■ Assignment: When the line with "2019 Dilated Pore" turns up below, begin repeating exactly, and carry on through the line with "X0000087541155200705181043"; no pictures go into the copy.
Materials provided Block Start
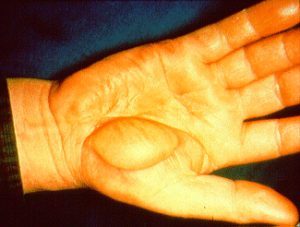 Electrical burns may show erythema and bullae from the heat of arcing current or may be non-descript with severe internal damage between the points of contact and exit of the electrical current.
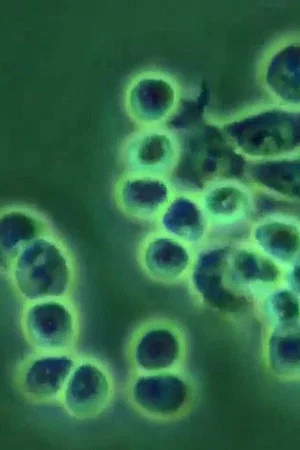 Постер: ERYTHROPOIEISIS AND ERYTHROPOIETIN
Materials provided Block End
Materials provided Block Start
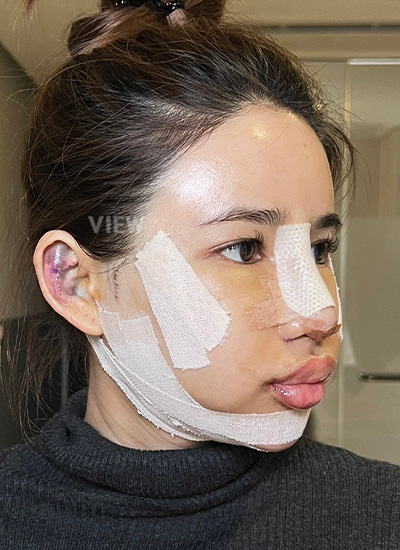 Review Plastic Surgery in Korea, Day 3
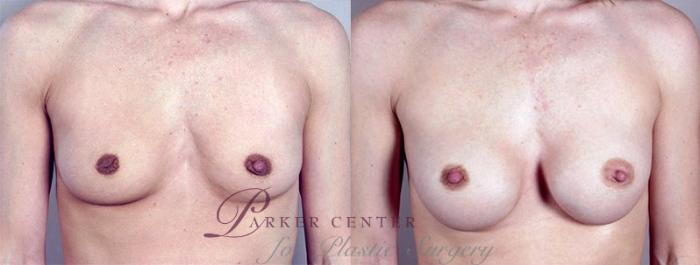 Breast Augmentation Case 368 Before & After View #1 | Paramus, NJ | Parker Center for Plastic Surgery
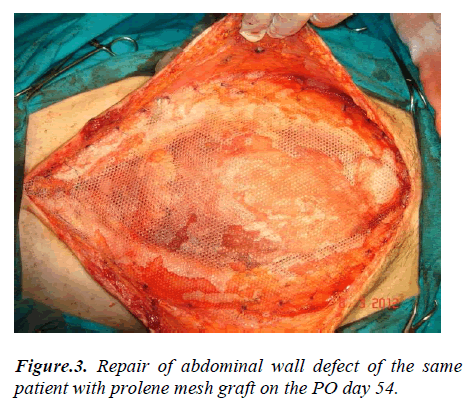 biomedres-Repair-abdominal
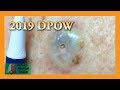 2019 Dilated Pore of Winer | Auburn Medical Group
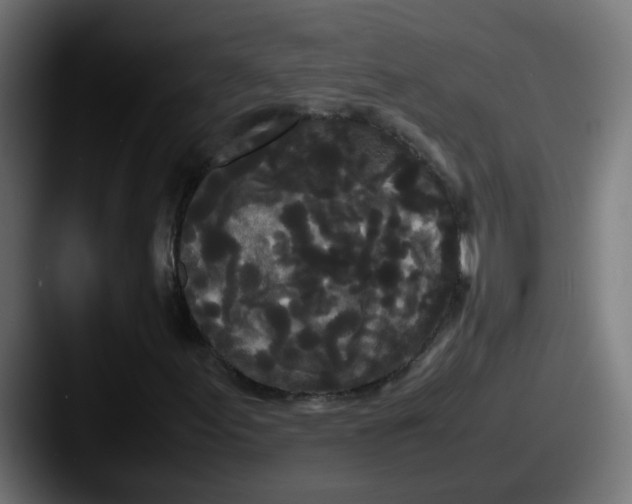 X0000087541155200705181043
Materials provided Block End
Materials provided Block Start
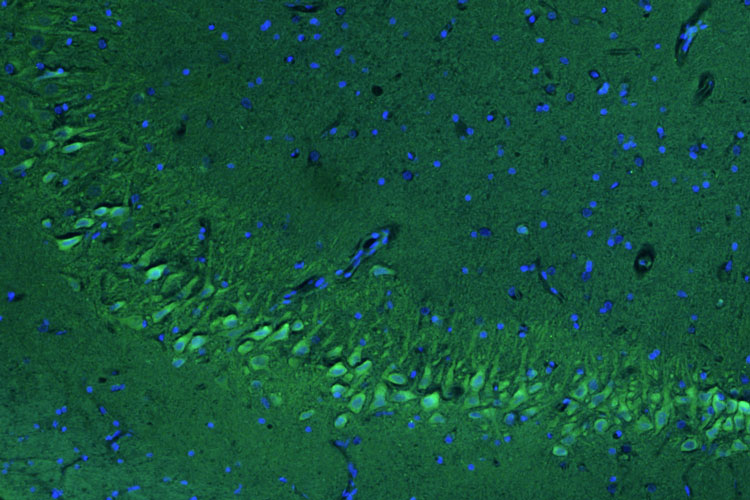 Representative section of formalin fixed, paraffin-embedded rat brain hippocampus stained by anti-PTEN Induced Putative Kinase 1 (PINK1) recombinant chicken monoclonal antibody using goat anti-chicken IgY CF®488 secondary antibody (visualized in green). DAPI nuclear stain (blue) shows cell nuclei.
Materials provided Block End
■ Result for this task:
 2019 Dilated Pore of Winer | Auburn Medical Group
 X0000087541155200705181043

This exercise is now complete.